GWAS analysis has identified multiple candidate genes potentially involved in OFCs. A GWAS of a Maya population (149 patients with nsCL/P and 303 controls) revealed notable associations between nsCL/P and genetic variants in IRF6, as well as loci at 8q24, 10q25 and 17q22. Single-marker analysis further confirmed these associations, particularly for IRF6, 8q24 and 10q25 (112). A pleiotropy-informed conditional false discovery rate analysis, incorporating 814 nsCL/P cases, 205 nsCPO cases and 2,159 controls from an African population GWAS, along with mouse facial development expression data, identified 19 potential candidate genes. Among these, MDN1, MAP3K7, KMT2A and ARCN1 emerged as top candidates, supported by evidence from mouse models or individuals harboring pathogenic variants in these genes (113). In a separate GWAS of oral clefts in a Polish cohort, eight single-nucleotide polymorphisms in PAX7 were strongly associated with nsCL/P, with the etiological role of the gene independently validated in a cohort of 247 patients and 445 controls (114). These findings not only expand the repertoire of candidate genes implicated in OFCs but also provide a molecular framework for understanding how genetic background influences craniofacial development across diverse populations. The application of GWAS has notably advanced the identification of candidate genes for SBDs, with large sample sizes enhancing result accuracy.

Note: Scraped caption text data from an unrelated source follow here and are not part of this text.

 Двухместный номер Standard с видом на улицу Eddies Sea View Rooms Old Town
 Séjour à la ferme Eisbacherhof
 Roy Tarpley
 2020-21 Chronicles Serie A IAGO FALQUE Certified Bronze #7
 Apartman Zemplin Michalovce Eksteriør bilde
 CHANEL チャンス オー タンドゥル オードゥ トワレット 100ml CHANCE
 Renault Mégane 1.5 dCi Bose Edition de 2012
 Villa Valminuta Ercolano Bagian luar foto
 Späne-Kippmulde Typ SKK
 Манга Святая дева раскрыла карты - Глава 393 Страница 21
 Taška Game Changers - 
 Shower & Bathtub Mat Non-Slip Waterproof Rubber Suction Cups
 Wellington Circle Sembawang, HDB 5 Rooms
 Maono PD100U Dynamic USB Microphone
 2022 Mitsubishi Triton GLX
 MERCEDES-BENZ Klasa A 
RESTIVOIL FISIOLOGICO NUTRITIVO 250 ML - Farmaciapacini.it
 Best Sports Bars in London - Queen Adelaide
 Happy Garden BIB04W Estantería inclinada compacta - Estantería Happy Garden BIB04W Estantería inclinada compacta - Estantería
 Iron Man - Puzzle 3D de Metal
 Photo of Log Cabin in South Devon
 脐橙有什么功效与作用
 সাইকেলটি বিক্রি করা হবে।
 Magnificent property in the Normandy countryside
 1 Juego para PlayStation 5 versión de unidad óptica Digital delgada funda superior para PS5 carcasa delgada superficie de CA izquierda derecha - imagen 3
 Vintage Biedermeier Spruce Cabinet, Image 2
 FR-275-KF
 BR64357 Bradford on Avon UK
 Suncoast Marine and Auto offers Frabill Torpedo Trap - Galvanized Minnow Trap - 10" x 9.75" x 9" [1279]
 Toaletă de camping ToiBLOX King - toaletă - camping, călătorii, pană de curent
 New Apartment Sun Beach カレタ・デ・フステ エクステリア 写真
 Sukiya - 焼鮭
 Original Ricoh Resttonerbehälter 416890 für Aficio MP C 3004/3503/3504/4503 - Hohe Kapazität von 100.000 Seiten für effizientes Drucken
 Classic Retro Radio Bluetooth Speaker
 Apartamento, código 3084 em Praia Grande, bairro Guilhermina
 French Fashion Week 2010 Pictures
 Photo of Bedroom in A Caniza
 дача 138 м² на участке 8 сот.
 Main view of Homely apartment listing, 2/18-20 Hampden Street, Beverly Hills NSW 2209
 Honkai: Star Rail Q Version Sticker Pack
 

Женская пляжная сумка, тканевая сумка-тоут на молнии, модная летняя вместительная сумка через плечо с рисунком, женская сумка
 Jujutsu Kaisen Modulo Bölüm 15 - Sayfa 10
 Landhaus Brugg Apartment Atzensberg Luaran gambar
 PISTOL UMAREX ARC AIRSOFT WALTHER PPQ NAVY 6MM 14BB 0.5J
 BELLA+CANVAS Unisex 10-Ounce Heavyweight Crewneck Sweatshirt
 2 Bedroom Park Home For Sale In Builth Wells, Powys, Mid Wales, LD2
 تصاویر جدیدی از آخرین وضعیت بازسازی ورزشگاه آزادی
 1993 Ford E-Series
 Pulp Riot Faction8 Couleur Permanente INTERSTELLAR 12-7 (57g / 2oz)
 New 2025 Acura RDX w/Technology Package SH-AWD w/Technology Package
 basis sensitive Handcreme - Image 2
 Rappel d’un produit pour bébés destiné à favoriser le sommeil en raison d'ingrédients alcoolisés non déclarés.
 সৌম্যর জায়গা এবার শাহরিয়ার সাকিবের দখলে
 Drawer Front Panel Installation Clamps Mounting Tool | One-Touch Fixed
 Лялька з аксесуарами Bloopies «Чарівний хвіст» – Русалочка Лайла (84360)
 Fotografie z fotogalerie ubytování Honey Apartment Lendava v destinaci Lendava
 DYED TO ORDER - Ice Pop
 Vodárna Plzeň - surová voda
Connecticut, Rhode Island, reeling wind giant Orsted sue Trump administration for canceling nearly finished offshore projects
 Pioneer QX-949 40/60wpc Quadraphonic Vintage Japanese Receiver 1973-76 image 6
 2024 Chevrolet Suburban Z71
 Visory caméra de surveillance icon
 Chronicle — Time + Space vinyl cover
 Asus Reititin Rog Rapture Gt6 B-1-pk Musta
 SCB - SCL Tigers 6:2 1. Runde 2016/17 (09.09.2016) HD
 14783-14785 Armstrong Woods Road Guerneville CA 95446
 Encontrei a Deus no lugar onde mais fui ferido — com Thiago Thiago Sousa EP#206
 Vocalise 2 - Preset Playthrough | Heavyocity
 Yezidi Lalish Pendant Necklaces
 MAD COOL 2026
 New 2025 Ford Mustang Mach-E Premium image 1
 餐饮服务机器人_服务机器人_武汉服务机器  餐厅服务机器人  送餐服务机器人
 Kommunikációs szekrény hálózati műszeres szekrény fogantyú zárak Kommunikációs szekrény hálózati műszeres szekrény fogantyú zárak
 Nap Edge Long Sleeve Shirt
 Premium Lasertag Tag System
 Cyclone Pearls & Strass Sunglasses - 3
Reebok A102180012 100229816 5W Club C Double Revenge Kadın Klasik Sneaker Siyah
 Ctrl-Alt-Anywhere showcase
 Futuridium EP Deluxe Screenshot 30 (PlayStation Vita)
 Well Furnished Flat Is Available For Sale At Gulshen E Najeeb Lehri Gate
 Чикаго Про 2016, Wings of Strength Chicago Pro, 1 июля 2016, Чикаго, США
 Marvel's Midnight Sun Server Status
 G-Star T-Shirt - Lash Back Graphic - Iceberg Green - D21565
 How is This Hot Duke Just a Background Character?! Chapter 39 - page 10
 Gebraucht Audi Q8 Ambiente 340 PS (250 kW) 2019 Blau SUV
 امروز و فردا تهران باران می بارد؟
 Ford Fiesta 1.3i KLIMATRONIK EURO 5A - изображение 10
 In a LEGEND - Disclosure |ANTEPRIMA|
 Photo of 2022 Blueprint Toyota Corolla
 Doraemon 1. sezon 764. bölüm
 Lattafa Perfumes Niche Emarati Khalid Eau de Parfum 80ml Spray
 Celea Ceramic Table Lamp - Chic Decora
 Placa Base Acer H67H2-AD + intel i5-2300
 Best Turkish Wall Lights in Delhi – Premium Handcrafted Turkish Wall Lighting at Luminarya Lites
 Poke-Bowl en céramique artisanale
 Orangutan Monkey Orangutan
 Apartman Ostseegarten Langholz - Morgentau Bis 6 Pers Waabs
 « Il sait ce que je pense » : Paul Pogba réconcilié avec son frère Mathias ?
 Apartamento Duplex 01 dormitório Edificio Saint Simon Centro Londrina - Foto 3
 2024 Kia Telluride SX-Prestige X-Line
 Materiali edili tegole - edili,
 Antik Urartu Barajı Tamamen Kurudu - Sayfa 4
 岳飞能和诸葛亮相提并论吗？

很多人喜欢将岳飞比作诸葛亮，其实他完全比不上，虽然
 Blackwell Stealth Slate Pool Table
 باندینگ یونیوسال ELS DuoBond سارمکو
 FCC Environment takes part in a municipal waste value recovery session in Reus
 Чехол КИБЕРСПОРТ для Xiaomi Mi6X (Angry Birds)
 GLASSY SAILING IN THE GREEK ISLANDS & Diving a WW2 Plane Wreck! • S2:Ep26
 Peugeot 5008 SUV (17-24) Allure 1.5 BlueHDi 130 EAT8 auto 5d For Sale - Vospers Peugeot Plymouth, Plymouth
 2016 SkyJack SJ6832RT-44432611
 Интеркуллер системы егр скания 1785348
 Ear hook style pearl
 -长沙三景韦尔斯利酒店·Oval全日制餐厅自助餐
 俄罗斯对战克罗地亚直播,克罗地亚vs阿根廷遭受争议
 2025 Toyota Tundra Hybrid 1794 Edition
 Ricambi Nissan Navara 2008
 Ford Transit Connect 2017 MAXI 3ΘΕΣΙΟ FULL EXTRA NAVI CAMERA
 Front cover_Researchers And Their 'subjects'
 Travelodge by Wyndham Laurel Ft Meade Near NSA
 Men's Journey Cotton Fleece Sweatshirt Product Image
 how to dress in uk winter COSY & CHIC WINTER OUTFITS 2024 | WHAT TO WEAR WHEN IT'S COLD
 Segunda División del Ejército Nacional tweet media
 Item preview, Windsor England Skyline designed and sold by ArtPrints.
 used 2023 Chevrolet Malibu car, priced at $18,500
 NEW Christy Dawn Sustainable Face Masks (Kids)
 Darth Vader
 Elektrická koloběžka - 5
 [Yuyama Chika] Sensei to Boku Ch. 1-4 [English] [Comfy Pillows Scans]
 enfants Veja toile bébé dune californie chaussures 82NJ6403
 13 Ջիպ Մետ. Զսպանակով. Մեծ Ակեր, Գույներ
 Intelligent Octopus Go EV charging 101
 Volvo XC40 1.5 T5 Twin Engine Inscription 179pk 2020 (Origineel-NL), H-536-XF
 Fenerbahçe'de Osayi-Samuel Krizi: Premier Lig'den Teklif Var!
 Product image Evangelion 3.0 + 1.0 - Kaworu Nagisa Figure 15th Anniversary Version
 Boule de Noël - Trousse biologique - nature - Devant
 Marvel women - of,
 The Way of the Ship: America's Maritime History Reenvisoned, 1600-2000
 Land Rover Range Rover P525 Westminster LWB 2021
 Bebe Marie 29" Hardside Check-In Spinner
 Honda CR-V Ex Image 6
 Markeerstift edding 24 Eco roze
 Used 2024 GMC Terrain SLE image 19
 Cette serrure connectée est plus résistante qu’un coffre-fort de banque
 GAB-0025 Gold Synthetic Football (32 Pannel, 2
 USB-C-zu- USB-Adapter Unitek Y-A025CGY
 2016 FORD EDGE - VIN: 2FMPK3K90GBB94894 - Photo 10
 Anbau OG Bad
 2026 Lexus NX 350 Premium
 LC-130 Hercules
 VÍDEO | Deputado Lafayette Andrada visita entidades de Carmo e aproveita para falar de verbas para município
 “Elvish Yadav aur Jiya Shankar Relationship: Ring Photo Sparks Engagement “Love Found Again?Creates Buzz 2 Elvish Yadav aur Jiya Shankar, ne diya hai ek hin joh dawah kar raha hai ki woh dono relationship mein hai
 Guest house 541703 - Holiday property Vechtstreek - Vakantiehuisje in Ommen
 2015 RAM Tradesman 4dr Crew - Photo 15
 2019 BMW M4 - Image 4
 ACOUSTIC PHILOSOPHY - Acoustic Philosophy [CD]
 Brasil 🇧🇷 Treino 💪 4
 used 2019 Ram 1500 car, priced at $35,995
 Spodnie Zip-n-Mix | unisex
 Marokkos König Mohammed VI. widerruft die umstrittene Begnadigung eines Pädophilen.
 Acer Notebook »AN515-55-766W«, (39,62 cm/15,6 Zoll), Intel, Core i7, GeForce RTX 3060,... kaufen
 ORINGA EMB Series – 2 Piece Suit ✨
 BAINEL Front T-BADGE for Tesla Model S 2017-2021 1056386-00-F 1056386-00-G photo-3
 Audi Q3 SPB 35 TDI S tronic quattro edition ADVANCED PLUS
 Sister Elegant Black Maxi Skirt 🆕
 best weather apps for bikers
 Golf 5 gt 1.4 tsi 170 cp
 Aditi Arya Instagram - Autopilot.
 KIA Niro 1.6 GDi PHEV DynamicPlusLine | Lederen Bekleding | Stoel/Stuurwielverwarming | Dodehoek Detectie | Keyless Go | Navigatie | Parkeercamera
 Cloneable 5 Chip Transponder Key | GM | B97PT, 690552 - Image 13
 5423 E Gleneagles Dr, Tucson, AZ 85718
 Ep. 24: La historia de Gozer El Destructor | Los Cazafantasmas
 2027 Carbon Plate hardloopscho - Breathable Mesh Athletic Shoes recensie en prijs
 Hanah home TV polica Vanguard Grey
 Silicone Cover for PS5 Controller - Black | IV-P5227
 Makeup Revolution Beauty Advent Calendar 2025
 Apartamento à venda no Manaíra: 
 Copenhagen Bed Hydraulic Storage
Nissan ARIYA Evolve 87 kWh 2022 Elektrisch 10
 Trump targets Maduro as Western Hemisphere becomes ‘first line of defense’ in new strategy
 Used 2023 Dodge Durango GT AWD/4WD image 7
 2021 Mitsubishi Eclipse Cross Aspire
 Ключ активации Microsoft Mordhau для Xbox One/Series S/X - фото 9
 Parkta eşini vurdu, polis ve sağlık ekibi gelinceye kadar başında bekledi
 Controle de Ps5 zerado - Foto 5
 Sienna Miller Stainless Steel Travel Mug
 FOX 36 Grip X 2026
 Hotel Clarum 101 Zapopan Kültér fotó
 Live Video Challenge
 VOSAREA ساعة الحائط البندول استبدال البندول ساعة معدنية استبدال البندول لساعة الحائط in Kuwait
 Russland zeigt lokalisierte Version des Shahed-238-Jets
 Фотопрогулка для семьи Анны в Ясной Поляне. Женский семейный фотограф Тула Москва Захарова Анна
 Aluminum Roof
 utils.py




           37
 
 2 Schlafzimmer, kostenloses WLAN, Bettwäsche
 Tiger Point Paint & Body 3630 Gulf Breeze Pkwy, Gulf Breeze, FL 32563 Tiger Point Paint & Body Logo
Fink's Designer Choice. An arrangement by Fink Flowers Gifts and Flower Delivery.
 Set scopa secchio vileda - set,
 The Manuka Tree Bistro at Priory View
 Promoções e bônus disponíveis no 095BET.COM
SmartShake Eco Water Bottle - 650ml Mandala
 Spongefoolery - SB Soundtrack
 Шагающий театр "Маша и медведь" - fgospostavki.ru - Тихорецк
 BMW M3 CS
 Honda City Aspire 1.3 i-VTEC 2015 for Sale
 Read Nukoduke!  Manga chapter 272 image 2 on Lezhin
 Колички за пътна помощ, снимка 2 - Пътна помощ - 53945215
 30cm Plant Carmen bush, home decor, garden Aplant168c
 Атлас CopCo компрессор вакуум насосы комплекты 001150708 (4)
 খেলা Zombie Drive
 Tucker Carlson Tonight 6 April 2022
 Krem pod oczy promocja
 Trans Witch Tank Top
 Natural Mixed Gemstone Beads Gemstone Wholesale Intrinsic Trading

In genetic investigations of NTDs, a GWAS performed by Tindula et al (115) involving 321 Bangladeshi NTD cases and 177 controls failed to identify genome-wide significant variants. This negative finding may reflect insufficient statistical power due to the limited sample size. Notably, such challenges are pervasive in SBD research: Constrained by clinical sample availability, certain malformation subtypes lack large-scale GWAS implementations, while existing studies often fail to detect biologically meaningful susceptibility genes due to inadequate cohort sizes.

GWAS analyses enhance the understanding of SBDs with polygenic inheritance patterns by analyzing genome-wide associations between genetic variants and these defects while quantifying the cumulative effects of multiple variants. Furthermore, GWAS analysis provides a comprehensive assessment of gene-gene interactions throughout the genome, filling the research gap in the study of polygenic effects in CNV analysis or SNV/indel analysis, and greatly expanding the potential candidate gene pool associated with SBDs.